* _Assignment_: In the entries below, repeat only the lines between those holding "a door mat with" and "City Shaped Churches: Plant...", inclusive. Leave pictures out.

* _Data for the task_:
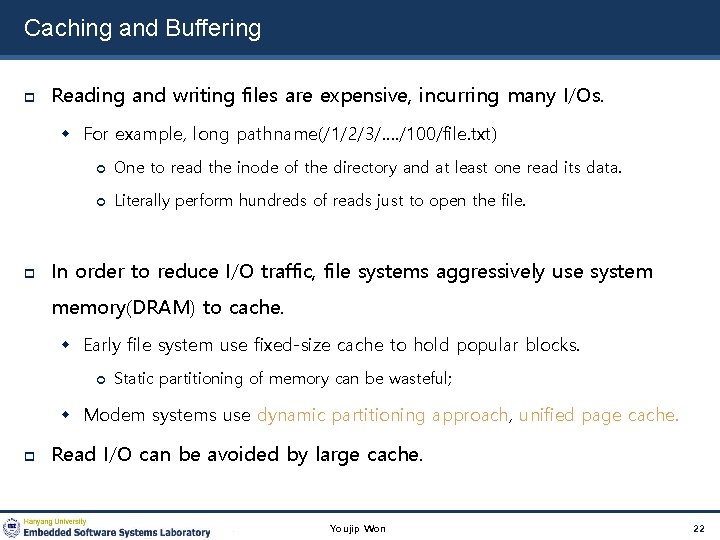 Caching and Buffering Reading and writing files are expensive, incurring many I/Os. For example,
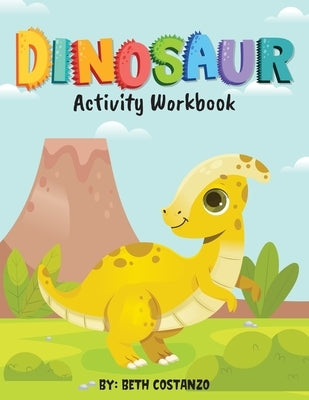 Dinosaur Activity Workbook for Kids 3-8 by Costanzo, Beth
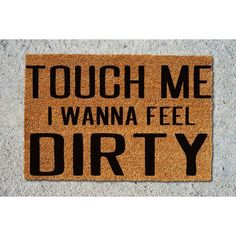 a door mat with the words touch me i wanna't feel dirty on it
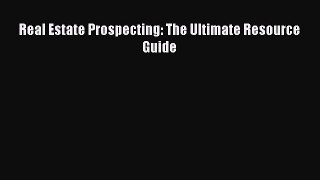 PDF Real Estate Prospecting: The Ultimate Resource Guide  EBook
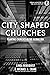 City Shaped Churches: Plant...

...

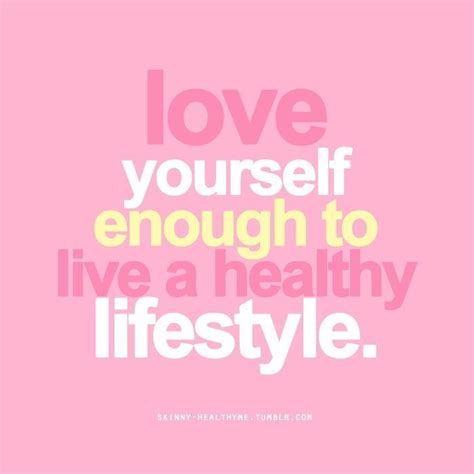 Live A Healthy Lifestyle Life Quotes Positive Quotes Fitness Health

--

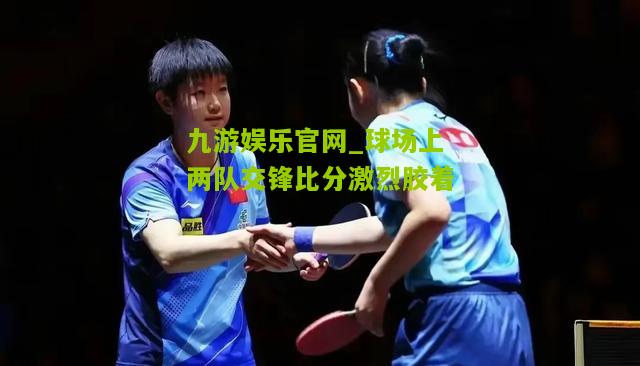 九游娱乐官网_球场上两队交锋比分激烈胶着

* _Problem solution_:
 a door mat with the words touch me i wanna't feel dirty on it
 PDF Real Estate Prospecting: The Ultimate Resource Guide  EBook
 City Shaped Churches: Plant...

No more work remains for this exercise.